As most of y’all no doubt know, American Airlines AAdvantage is unique in its lifetime status qualification — miles from all sources count, not just flown miles.
- One million miles earned = Lifetime Gold
- Two million miles earned = Lifetime Platinum
I’ve never been a regular American customer. I’ve long leaned much more towards the Star Alliance. I don’t think I’ve done more than 25,000 or 50,000 total qualifying miles on paid oneworld tickets in my entire life.
But stay around these programs long enough, watch the promotions, chase after some of them, and the miles build up. And with all the partners and promotions that American has had over time, they’ve been great to build mileage balances up with.
In particular, churning Citibank co-branded credit cards over time was very good to me with signup bonuses (may she rest in peace for most, though do consider getting a business card if you haven’t already had one, a flavor of card like Visa or Amex if you haven’t had one, etc). And BankDirect, for sure.
In the last five months since I’ve written about American lifetime elite status I’ve picked up a couple hundred thousand miles.
So I’m really on the cusp on 2 million miles earned and lifetime Platinum. I’m sitting at 1.9 million, or a little over.

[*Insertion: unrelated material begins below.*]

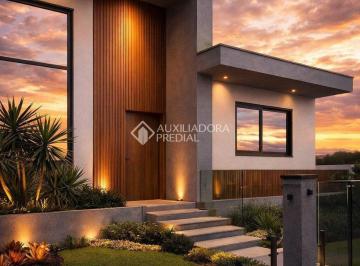 Casa · 300m² · 3 Quartos · 2 Vagas · CASA ALTO PADRÃO - 3 QUARTOS 1 SUITE PISCINA INTEGRADA A ÁREA GOUMET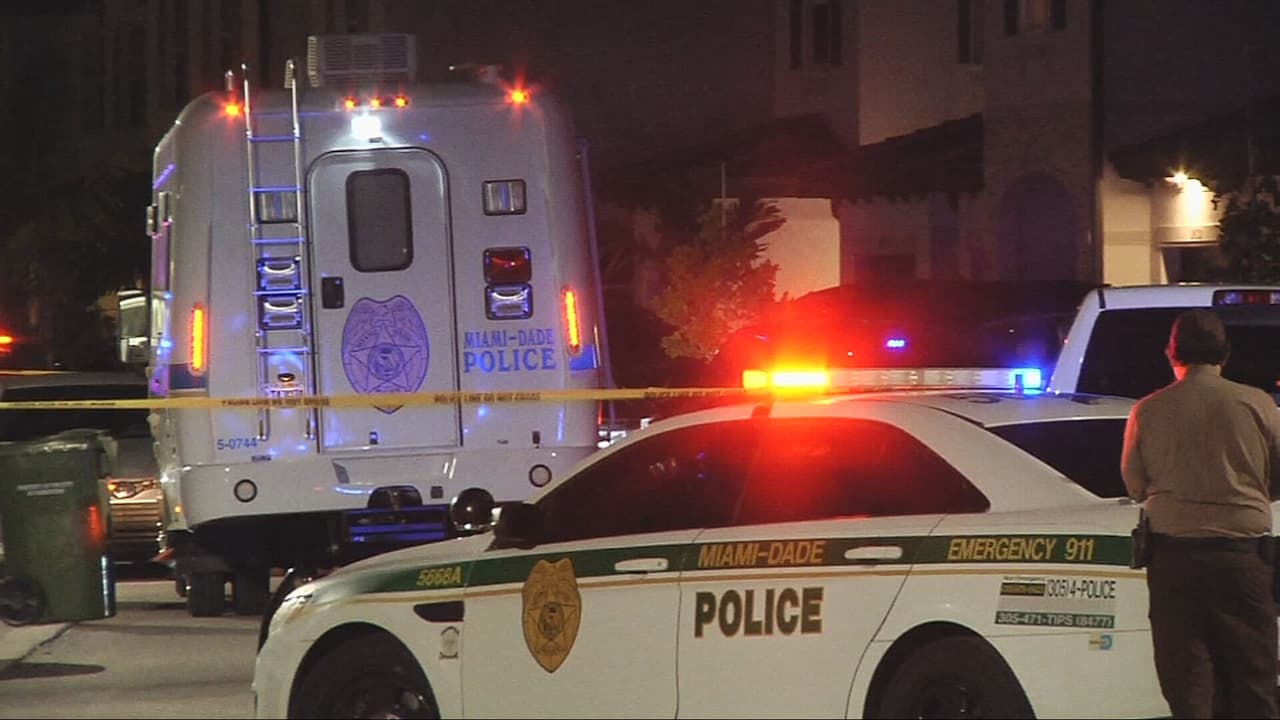 Policía de Miami-Dade hiere a adolescente armado tras robo de un carro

Now I’m desperately resisting the urge to transfer in a boatload of Starpoints, just to push myself over the top. It’s long been speculated that this unique feature of non-flight miles counting towards lifetime status would go away, and somehow I worry that it would go away right before I reach the finish line. It’s an unpublished benefit so there’s no reason to think if it were pulled it would be done with advance public notice.
Of course those Starpoints are more valuable sitting where they are, maintaining their flexibility.

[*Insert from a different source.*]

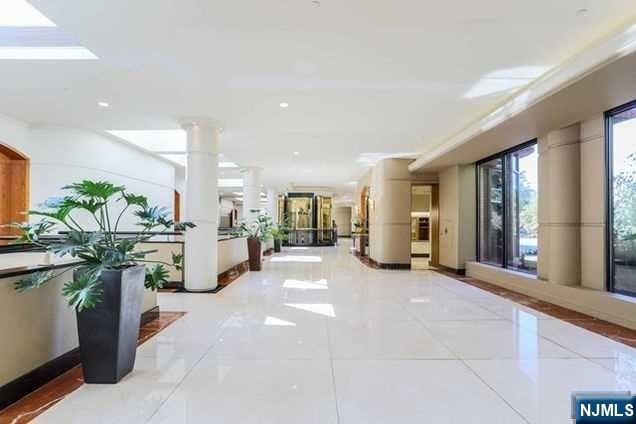 Building Photo - 100 Carlyle Dr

Some might ask why I’d even want American’s Platinum status since I don’t fly American? That’s fair. If they gave me lifetime Executive Platinum I would certainly become an AA customer! But Platinum gets you double miles and higher priority on waitlists of various kinds, more or less (not to mention the 4 international confirmed upgrades you get when you cross the 2 million miler threshold). It’s not enough to sway my business, really.
Still, it’s lifetime status. There’s an allure to that, and of course I don’t know what my future needs or preferences will be and risk-averse type that I am I’d love to lock it in.
Though I guess if American stopped counting non-flight miles towards lifetime status tomorrow, I’d just have to actually fly about 95,000 miles… But that’s the fun in that???